JpGU-AGU Joint Meeting 2020

Presentation information

[E] Oral

S (Solid Earth Sciences ) » S-CG Complex & General

[S-CG63] Dynamics in mobile belts

convener:Yukitoshi Fukahata(Disaster Prevention Research Institute, Kyoto University), Ray Y Chuang(Department of Geography, National Taiwan University), Toru Takeshita(Department of Natural History Sciences, Graduate School of Science, Hokkaido University), Hikaru Iwamori(Earthquake Research Institute, The University of Tokyo)

[SCG63-14] High pressure electrical conductivity in a brine-saturated rock and microstructure of pores

*Tohru Watanabe1, Kenta Yoshida2, Katsuyoshi Michibayashi3 (1.University of Toyama, 2.Japan Agency for Marine-Earth Science and Technology, 3.Nagoya University)
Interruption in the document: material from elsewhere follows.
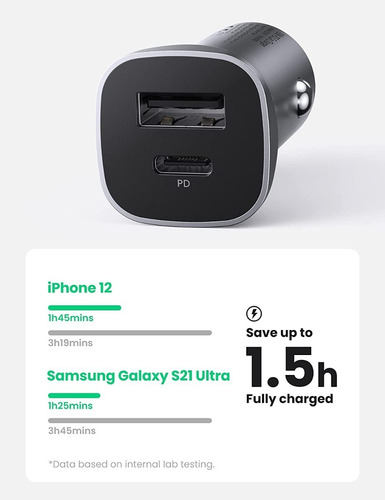 Cargador De Auto Ugreen Usb C Pd Y Qc 3.0 20w Carga Rápida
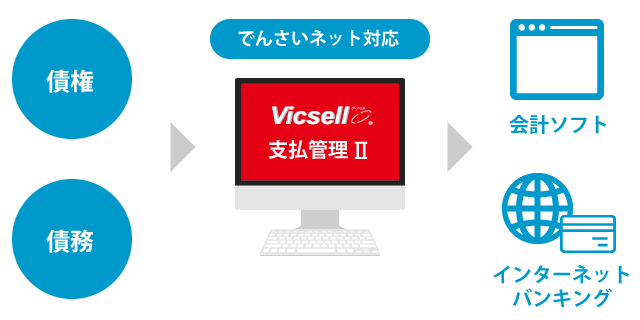 本格的な電債管理機能搭載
Keywords:crack, electrical conductivity, fluid

Pores in rocks will close under pressures to increase seismic velocities and decrease transport properties. Experimental studies have shown that the interconnected fluid path is maintained even at the pressure of 1 GPa (e.g., Brace et al., 1965). Watanabe et al. (2019) suggested that wide aperture parts in cracks form interconnected paths to govern electrical conductivity at high pressures. In order to understand the nature of wide aperture parts in cracks, we conducted SEM-EBSD and FIB-SEM observations on a granitic rock (Aji granite). SEM-EBSD studied the crystallographic orientation of grains to distinguish grain boundary and intragrain cracks. FIB-SEM made sequential images of grain boundary and intragrain cracks. One quartz-quartz grain boundary crack shows large variation in aperture along the crack. Quartz grain boundaries are faceted and euhedral small quartz grains (a few micrometers) are seen within wide aperture parts. These observations suggest that the grain boundary was filled with a fluid at high temperature. On the other hand, an intragrain crack in a quartz grain shows little variation in the aperture. Microstructure of pores must be controlled by coexisting fluids in depths.